Bastille Saint-Antoine
De bouw van de Bastille Saint-Antoine begon op 22 april 1370 en was voltooid op 1383 tijdens de tijd van Karel VI van Frankrijk. De Batstille is gebouwd als fort ter versterking van de stad Parijs en als gevangenis tot de Franse Revolutie waarna het fort werd afgebroken door de Franse revolutionairen. De Bastille is voornamelijk bekend om de bestorming ervan op 14 juli 1789, deze werd als startschot gezien van de Franse Revolutie.
Voor de Bestorming
De bestorming was voornamelijk de oorzaak van de economische crisis en de hongersnood onder de Franse bevolking. Door de stijgende graanprijzen brak er een hongersnood uit in 1788 (1 jaar voor de bestorming). De werkloze advocaat Camille Demoulins ging op 12 juli 1789 op een tafel staan in de tuin van palais royal.
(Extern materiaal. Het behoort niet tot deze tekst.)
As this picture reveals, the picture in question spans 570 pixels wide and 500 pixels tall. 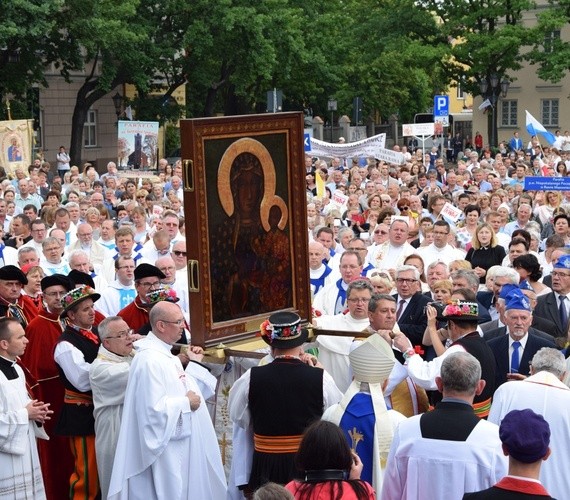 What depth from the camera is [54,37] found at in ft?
124

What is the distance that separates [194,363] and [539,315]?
340 cm

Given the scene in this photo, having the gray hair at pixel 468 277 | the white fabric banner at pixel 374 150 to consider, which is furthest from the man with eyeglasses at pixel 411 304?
the white fabric banner at pixel 374 150

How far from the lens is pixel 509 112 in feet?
214

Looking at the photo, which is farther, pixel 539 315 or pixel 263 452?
A: pixel 539 315

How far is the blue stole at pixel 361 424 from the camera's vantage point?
6996 mm

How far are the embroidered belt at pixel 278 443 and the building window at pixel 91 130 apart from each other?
42610mm

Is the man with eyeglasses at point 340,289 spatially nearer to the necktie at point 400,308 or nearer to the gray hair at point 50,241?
the necktie at point 400,308

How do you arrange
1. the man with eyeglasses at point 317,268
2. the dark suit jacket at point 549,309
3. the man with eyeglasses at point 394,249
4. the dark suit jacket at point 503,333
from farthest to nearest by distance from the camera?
the man with eyeglasses at point 394,249 → the man with eyeglasses at point 317,268 → the dark suit jacket at point 549,309 → the dark suit jacket at point 503,333

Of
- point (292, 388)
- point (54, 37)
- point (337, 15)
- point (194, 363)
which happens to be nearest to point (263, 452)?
point (292, 388)

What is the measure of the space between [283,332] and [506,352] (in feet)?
6.73

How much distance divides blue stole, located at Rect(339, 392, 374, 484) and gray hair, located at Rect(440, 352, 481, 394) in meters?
0.89

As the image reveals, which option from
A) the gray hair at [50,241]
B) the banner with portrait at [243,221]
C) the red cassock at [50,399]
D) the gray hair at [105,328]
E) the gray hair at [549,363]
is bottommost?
the red cassock at [50,399]

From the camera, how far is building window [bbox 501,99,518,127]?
65188 millimetres

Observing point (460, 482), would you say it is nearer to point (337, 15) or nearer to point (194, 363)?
point (194, 363) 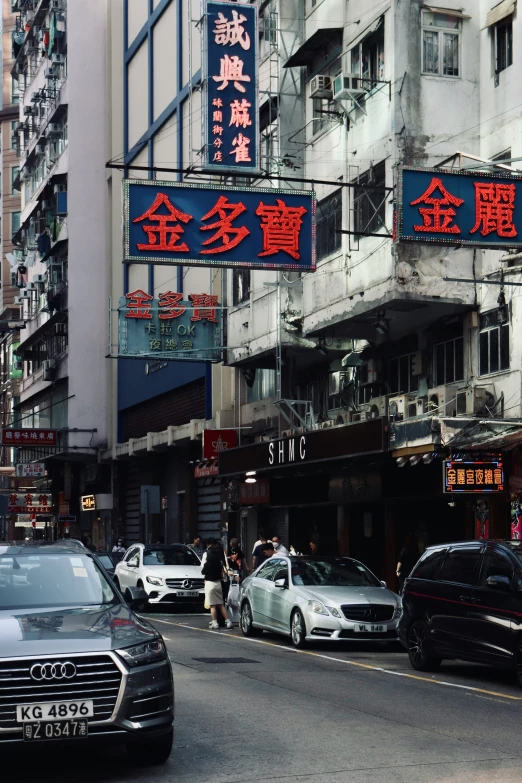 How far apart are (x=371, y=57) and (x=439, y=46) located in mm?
1765

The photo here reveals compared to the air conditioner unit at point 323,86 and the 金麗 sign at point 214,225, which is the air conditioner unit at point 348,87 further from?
the 金麗 sign at point 214,225

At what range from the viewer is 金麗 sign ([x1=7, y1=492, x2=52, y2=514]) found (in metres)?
60.2

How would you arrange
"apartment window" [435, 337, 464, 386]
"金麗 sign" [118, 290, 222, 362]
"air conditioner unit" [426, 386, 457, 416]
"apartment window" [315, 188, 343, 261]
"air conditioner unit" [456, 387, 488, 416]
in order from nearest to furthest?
"air conditioner unit" [456, 387, 488, 416] → "air conditioner unit" [426, 386, 457, 416] → "apartment window" [435, 337, 464, 386] → "apartment window" [315, 188, 343, 261] → "金麗 sign" [118, 290, 222, 362]

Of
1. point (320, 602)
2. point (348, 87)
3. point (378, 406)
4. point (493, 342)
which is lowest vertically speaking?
point (320, 602)

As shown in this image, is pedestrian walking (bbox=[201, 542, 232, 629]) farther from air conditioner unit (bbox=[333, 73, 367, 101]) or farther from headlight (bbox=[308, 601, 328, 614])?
air conditioner unit (bbox=[333, 73, 367, 101])

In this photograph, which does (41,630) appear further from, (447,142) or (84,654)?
(447,142)

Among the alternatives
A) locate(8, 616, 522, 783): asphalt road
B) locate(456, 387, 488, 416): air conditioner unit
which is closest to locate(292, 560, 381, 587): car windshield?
locate(8, 616, 522, 783): asphalt road

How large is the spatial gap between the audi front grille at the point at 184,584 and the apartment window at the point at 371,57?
11.8 meters

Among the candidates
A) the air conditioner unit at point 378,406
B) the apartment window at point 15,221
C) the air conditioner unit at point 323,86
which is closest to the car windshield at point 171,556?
the air conditioner unit at point 378,406

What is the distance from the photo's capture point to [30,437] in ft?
180

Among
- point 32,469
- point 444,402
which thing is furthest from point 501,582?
point 32,469

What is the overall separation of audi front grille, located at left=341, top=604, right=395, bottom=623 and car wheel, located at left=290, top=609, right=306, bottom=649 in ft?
2.36

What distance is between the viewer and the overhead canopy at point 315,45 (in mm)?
28078

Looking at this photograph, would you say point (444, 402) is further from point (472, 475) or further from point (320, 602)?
point (320, 602) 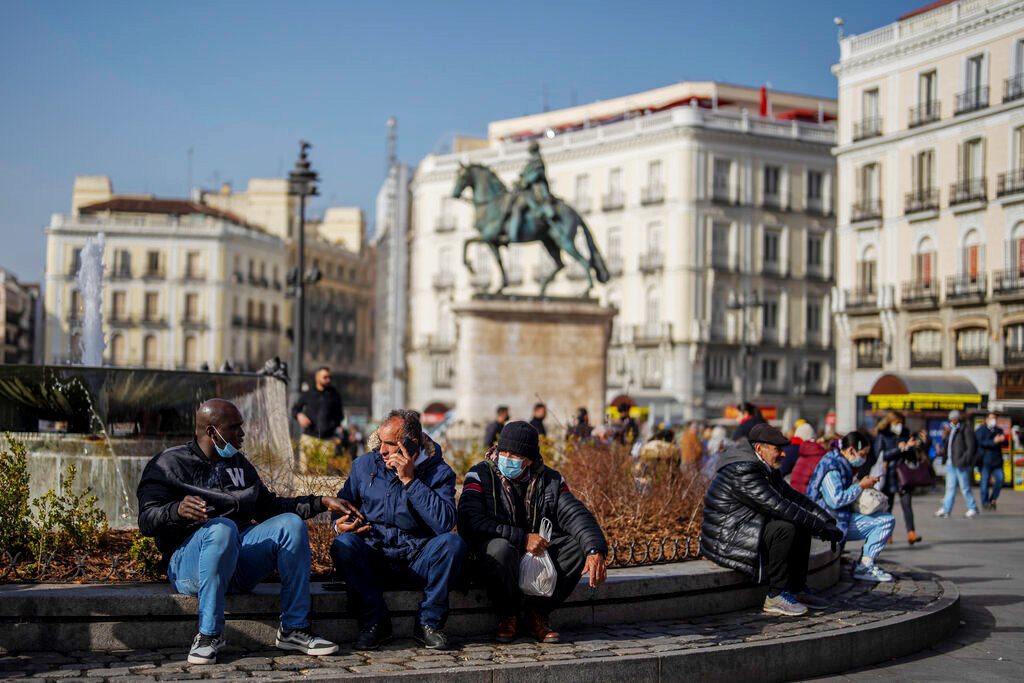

Daar sprak hij toe dat het volk de wapens moest pakken en zich verdedigen tegen de Franse troepen van Lodewijk XVI. Op 13 juli werden er verschillende wapenwinkels geplunderd in Parijs en ook het klooster van Reu de Paradis waar levensmiddelen lagen opgeslagen.
De Bestorming
Op 14 juli 1789 rond het midden van de ochtend ontstond er een groep menigten te ontstaan rondom de Bastille bij de poort nadat de Franse revolutionairen Hôtel des Invalides hadden geplunderd en musketten en kanonnen hadden buitgemaakt. Omdat er tijdens de bestorming niet veel soldaten aanwezig waren die onder leiding van markies (Landgraaf) Bernard-René de Launay stond. Om 13:30 werden de kabels van de ophaalbrug van de Bastille doorgehakt rond dat tijdstip werden ook de eerste schoten gelost door de mannen van de Launay omdat hij waarschijnlijk nerveus werd. De aanwezige waarnemers probeerde tot een staak het vuren over te halen om 17:30 werden de poorten naar de binnenplaats geopend omdat de Launey wist dat hij niet lang meer stand zou houden. De Bastille werd bestormt en er werd 13.600 kilo buskruit buitgemaakt en De Launey werd gevangengenomen en meegenomen naar Hôtel de Ville waar hij uiteindelijk werd omgebracht door de revolutionairen.